胡老先生为哥哥取名富贵,为妹妹取名荣华,然后在镜面上双手书写梅花篆字“荣华富贵,儿女平安”八字……
“那女儿在哪儿?”易风插言。
“据说是送人了。”胡老先生解释,“老朽也是风闻。当年大旱,他全家逃难,据说在路上送给人家当童养媳了。”
“什么村?什么人?”易风惊喜追问。
“好像是,好像是——”胡老先生歉意的笑笑,“时间久远,老朽有些糊涂了,呵呵,好像是,好像是,哦,对了,是柴——”

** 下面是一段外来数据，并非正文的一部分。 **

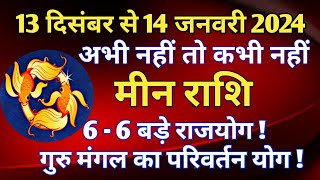 मीन राशि 13 दिसंबर 2023 से 14 जनवरी 2024 6  6 बड़े राजयोग गुरु मंगल का परिवर्तन योग [upl. by Buzz]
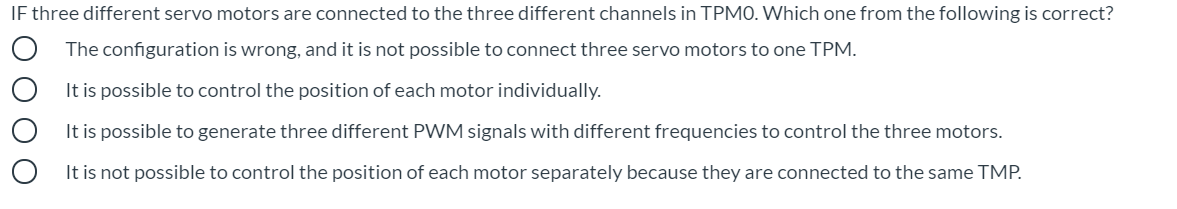 IF three different servo motors are connected to the three different channels in TPMO. Which one from the following is correct?
The configuration is wrong, and it is not possible to connect three servo motors to one TPM.
It is possible to control the position of each motor individually.
It is possible to generate three different PWM signals with different frequencies to control the three motors.
It is not possible to control the position of each motor separately because they are connected to the same TMP.
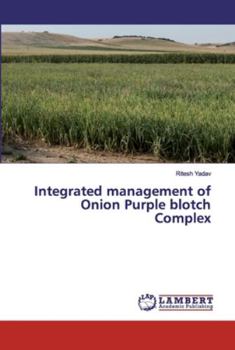 Paperback Integrated management of Onion Purple blotch Complex Book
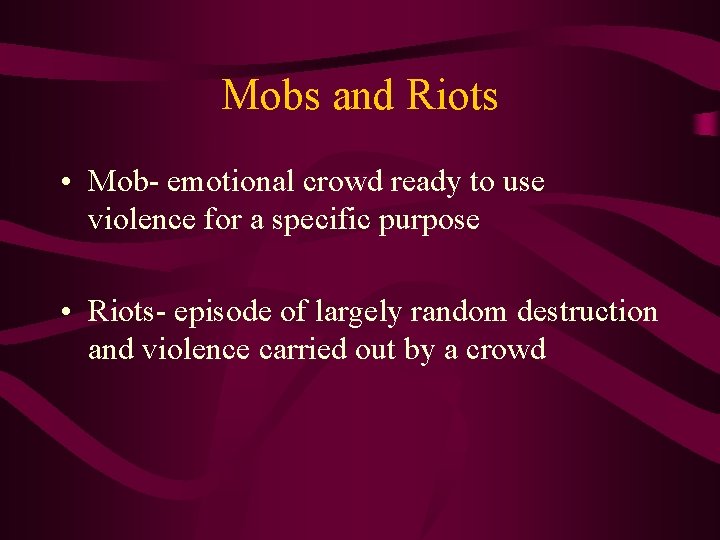 Mobs and Riots • Mob- emotional crowd ready to use violence for a specific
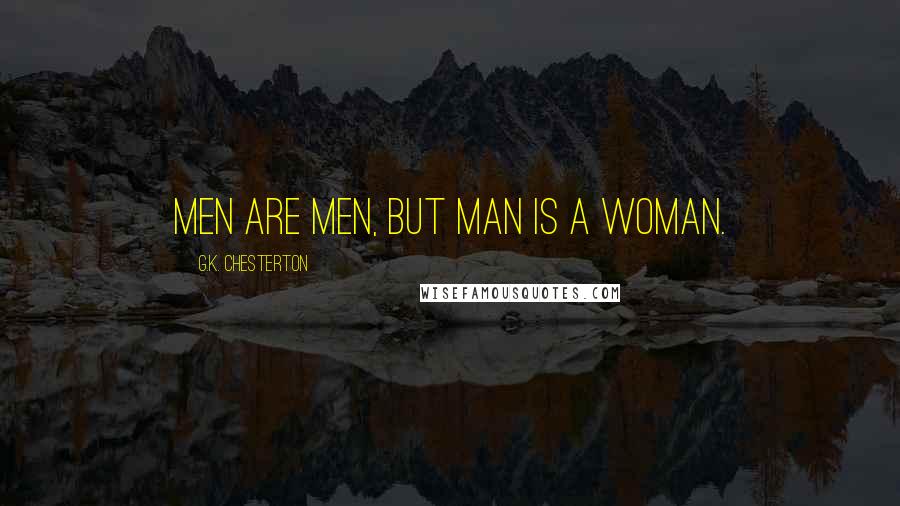 G.K. Chesterton Quotes: Men are men, but Man is a woman.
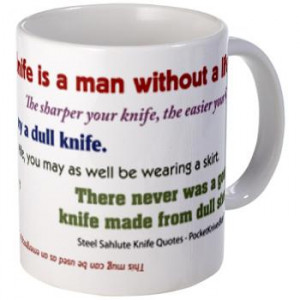 NEW Knife Slogans, Quotes, Sayings Coffee Mug!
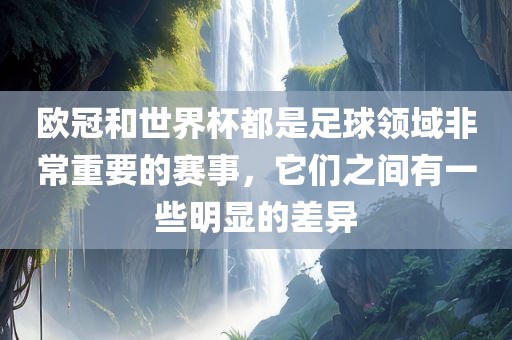 欧冠和世界杯都是足球领域非常重要的赛事，它们之眉山市正发家政服务有限公司间有一些明显的差异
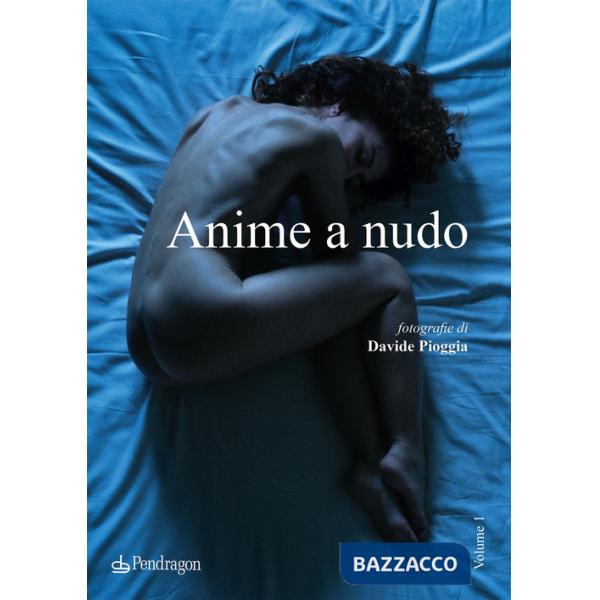 Anime a nudo. Ediz. a colori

蓦地,他的话凝滞了,他的笑僵硬了,随之,易风看见他的胸前露出一柄血淋淋的枪头。胡老先生贴墙而坐。那长枪穿过土墙,从他后背插入,透胸而出。
易风惊愕失色,与风青青冲出门外——
门外,行凶之人并未离去,反而静候他们。
这是十个黑衣人,蒙面,手持兵刃。
“何人?”易风冷言相问。
“要你命的人!”一个手拎长枪的人回答。他的枪尖上沾着血迹,就是刚才下手之人。
“看来,所谓的魔镜杀人就是个笑话,你们是故意为之。”易风淡然分析,“你们也肯定属于‘隐形者’这个神秘组织。”
“呵呵,你必须死了。知道的太多。”手持长枪的人间接承认。
“你们一反常态,不惜暴露,如此急不可耐地置胡老先生于死地,证明胡老先生所言很重要。”易风并未理睬对方的威吓。
“暴露又如何?特别之事,特别对待。”手持长枪的人毫无顾忌,“不过,你们放心,只要你们见了阎王,阎王爷会告诉你们老子是否暴露。”
“你个鳖孙,大言不惭,姑奶奶教训教训你!”风青青忍受不了这家伙的嚣张,拔出双刀便凌厉扑去。
见状,两个持刀黑衣人迎上去。而剩下的八人,则虎视眈眈面对易风。
易风并未出手,只是淡淡一笑,拎出腰间的酒葫芦,“咕嘟咕嘟”灌几口,还自言自语道,“好酒,好酒。”之后,他缓缓抽出长剑,冰冷地目视对手。
残月如钩。树丛中传来猫头鹰的哀鸣声。